Faith

The Martyrs of El Salvador

On 16 November 1989, six Jesuits, their housekeeper and her 15-year-old daughter were brutally murdered in El Salvador by soldiers of the US trained Atlacatl Battalion of the El Salvadoran army.

Many years later, 77 year old Inocente Orlando Montano, a former Salvadoran army colonel, was convicted of five of the murders and sentenced to 133 years in prison.

Ignacio Ellacuría SJ, Ignacio Martín-Baró SJ, Segundo Montes SJ, Juan Ramón Moreno SJ, Joaquín López y López SJ, Amando López SJ, Elba and Celina Ramos were dragged from their beds that night and shot.

The bodies of the Jesuits were mutilated and their blood seeped into the soil of the University of Central America campus where they lived and worked.

I recall walking past their rooms, typical of so many Jesuit houses I have visited around the world, cluttered with books and clothes, but all utterly simple.

I visited a small rural community in which one of the Jesuits, Joaquin Lopez y Lopez SJ, had ministered. The people spoke warmly of his gentleness and his presence among them sharing their joys and fears – an act of the presence of God.

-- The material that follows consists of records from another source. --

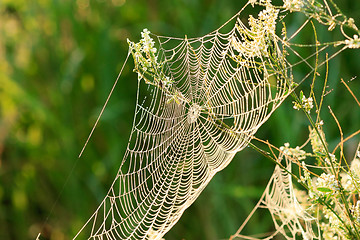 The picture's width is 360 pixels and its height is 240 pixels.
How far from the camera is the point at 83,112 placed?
2.79 metres

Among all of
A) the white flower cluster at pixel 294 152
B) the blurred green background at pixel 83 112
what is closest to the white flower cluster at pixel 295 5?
the white flower cluster at pixel 294 152

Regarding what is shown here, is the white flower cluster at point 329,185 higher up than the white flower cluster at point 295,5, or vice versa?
the white flower cluster at point 295,5

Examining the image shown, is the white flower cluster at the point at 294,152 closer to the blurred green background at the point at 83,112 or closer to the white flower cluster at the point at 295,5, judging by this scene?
the white flower cluster at the point at 295,5

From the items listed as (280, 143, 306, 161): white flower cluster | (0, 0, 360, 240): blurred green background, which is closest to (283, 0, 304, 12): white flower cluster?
(280, 143, 306, 161): white flower cluster

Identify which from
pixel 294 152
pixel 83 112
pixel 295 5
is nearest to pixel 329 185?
pixel 294 152

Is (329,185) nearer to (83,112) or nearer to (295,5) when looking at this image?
(295,5)

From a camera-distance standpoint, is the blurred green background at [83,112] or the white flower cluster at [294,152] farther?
the blurred green background at [83,112]

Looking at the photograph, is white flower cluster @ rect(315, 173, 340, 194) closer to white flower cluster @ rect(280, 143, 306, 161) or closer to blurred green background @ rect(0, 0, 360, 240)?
white flower cluster @ rect(280, 143, 306, 161)

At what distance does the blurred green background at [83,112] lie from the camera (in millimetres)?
2525

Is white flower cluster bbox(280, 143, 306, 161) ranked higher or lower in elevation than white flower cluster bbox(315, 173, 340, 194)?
higher

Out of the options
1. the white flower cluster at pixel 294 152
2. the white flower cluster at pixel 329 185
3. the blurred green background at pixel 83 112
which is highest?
the blurred green background at pixel 83 112

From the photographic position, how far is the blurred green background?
8.29 ft

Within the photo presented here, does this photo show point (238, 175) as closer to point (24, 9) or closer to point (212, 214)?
point (212, 214)

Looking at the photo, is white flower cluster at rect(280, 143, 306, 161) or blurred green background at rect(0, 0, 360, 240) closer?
white flower cluster at rect(280, 143, 306, 161) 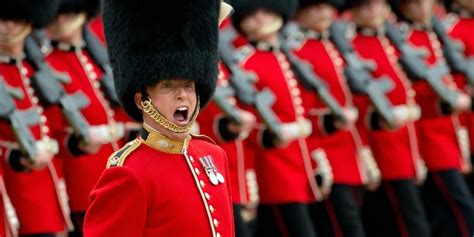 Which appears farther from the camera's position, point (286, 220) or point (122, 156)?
point (286, 220)

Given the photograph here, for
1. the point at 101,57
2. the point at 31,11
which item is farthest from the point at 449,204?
the point at 31,11

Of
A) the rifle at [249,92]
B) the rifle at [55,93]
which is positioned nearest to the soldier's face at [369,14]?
the rifle at [249,92]

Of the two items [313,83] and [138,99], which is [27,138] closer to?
[313,83]

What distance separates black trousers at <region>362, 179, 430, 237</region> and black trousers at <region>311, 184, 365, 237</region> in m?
0.47

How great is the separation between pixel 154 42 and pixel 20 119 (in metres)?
2.01

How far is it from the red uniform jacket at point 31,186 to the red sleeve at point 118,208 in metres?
2.18

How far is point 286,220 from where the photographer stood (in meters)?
7.18

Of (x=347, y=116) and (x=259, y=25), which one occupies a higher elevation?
(x=259, y=25)

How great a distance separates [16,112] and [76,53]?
2.51 ft

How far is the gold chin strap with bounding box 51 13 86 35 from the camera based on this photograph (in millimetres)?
6688

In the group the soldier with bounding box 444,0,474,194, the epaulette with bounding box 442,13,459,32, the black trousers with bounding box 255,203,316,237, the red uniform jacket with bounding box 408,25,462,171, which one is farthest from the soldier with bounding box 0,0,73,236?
the epaulette with bounding box 442,13,459,32

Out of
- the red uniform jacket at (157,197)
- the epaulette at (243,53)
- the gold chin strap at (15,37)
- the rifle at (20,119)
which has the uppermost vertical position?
the red uniform jacket at (157,197)

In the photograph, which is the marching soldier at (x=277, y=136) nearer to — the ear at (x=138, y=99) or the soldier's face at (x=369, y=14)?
the soldier's face at (x=369, y=14)

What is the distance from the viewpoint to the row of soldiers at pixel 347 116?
706 centimetres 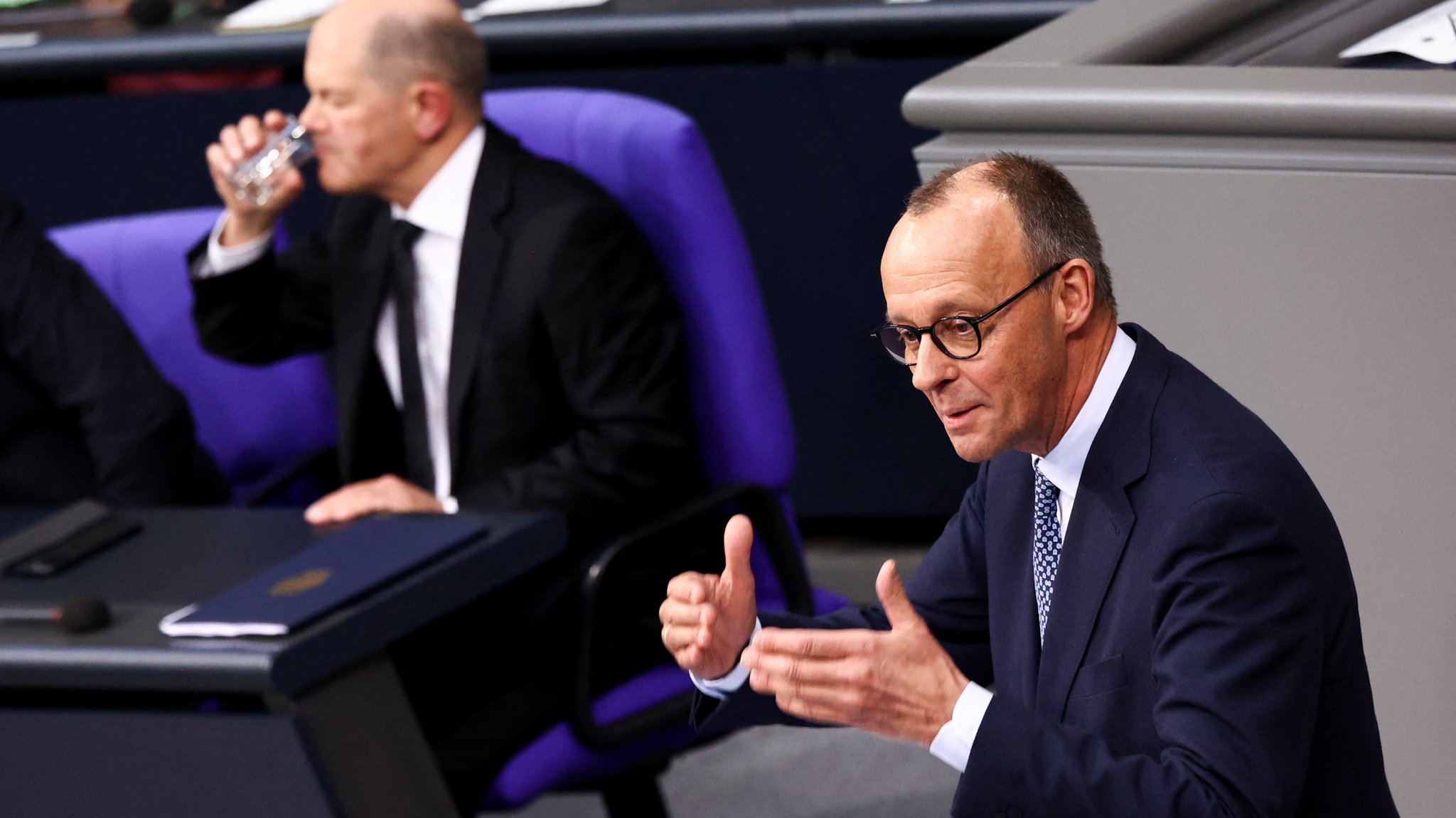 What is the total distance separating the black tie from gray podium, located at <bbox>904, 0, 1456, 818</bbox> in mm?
896

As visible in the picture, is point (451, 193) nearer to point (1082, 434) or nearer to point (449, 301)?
point (449, 301)

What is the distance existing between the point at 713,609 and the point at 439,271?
1.18 meters

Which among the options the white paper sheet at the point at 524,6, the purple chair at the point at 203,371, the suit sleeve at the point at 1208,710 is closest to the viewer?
the suit sleeve at the point at 1208,710

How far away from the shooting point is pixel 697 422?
7.00 ft

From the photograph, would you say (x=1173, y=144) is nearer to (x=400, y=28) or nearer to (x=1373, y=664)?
(x=1373, y=664)

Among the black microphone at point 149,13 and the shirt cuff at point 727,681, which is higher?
the black microphone at point 149,13

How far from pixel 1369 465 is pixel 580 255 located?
0.96 meters

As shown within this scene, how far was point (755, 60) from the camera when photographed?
308 centimetres

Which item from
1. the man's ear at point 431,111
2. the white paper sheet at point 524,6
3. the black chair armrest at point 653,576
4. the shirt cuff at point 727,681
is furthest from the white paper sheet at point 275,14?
the shirt cuff at point 727,681

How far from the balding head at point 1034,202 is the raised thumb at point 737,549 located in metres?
0.24

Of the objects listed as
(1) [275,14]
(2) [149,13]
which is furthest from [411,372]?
(2) [149,13]

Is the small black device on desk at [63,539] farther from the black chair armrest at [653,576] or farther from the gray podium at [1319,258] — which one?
the gray podium at [1319,258]

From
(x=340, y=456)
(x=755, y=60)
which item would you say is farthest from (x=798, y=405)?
(x=340, y=456)

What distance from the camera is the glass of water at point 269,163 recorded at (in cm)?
235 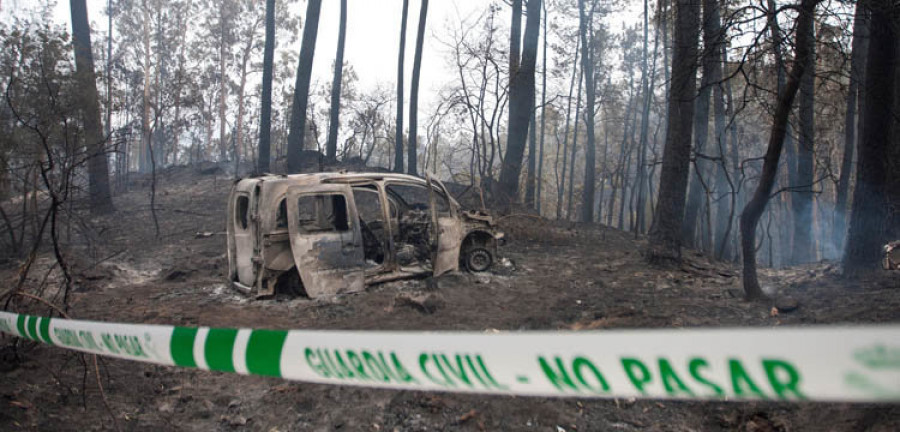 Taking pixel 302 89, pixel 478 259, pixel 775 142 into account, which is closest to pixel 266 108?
pixel 302 89

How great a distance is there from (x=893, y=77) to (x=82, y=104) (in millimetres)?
16178

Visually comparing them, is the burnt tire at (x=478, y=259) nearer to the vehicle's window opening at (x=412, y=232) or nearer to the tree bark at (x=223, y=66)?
the vehicle's window opening at (x=412, y=232)

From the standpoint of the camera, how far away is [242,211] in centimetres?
696

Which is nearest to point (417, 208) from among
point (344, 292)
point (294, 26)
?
point (344, 292)

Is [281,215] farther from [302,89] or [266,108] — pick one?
[266,108]

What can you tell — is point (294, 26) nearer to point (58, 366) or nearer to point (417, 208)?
point (417, 208)

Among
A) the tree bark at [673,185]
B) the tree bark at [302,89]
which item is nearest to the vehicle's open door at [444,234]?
Answer: the tree bark at [673,185]

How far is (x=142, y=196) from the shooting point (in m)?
18.2

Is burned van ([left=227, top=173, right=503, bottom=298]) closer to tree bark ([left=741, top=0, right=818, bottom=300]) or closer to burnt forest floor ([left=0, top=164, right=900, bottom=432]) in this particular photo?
burnt forest floor ([left=0, top=164, right=900, bottom=432])

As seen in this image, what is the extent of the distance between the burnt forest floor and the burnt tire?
20 cm

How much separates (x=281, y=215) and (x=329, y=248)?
2.46ft

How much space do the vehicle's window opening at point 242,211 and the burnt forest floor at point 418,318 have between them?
1.00 meters

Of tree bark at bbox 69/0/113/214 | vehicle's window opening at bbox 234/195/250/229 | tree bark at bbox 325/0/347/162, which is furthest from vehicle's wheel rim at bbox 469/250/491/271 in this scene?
tree bark at bbox 325/0/347/162

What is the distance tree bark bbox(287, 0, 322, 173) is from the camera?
1556cm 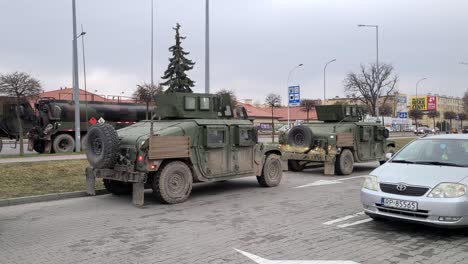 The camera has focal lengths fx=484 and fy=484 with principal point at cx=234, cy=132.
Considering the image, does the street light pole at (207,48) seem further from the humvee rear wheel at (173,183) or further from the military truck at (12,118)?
the humvee rear wheel at (173,183)

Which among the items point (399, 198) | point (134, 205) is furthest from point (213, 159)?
point (399, 198)

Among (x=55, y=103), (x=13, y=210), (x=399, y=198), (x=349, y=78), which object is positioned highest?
(x=349, y=78)

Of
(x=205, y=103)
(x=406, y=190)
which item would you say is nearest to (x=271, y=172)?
(x=205, y=103)

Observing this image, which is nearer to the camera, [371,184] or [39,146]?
[371,184]

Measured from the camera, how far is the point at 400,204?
22.1ft

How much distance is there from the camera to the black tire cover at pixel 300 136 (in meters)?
15.8

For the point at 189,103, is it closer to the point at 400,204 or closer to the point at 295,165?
the point at 400,204

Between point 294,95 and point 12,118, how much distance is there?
1575cm

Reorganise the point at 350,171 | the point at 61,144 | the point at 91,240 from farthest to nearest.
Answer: the point at 61,144 → the point at 350,171 → the point at 91,240

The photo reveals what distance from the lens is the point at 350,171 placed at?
1609 cm

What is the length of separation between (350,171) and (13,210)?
10.5m

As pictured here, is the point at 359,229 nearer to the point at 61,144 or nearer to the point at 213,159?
the point at 213,159

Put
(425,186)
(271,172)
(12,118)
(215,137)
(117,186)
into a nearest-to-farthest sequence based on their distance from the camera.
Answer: (425,186)
(215,137)
(117,186)
(271,172)
(12,118)

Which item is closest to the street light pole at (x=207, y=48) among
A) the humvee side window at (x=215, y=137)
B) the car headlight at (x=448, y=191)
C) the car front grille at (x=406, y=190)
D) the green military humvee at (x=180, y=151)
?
the green military humvee at (x=180, y=151)
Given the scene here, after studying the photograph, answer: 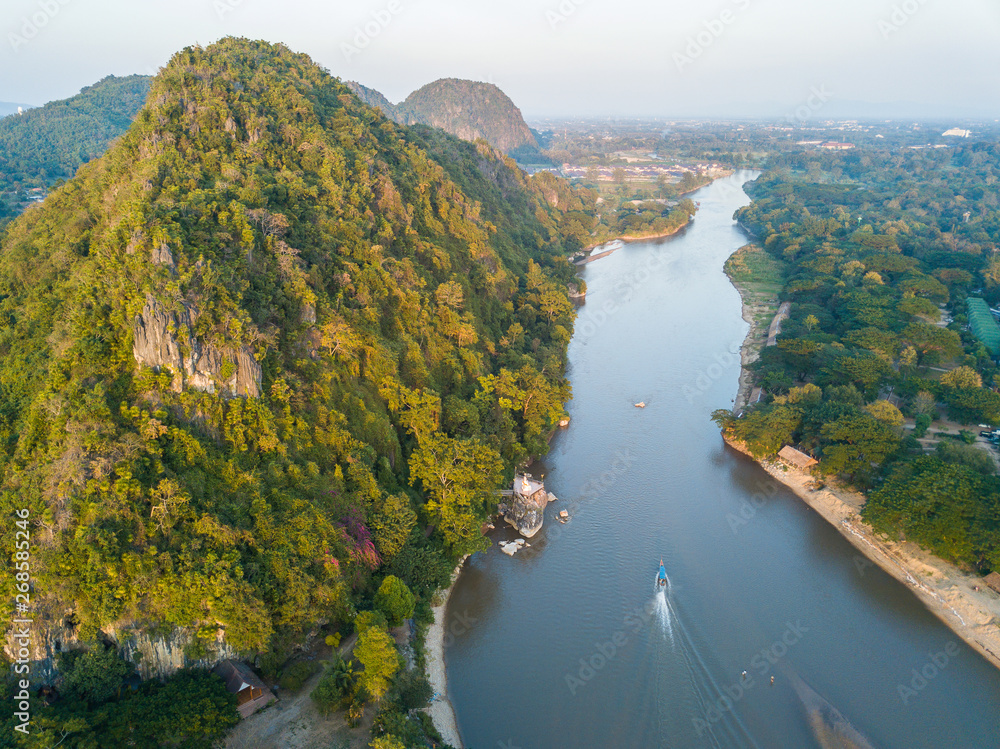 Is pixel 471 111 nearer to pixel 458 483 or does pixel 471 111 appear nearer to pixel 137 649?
pixel 458 483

Each Jesuit was different from the other but they all represented a Church which stood with the poor and the oppressed. They visited people in their homes but also spoke out fearlessly in public against the repression and the atrocities which they experienced.

As Jesuits, each would have undertaken the Spiritual Exercises of St Ignatius twice in their lives. Each would have prayed with St Ignatius “to imitate and be more like Christ our Lord..to choose poverty with Christ poor.. and to desire to be a fool for Christ.”

In their simplicity, fearlessness and foolishness, I find great holiness.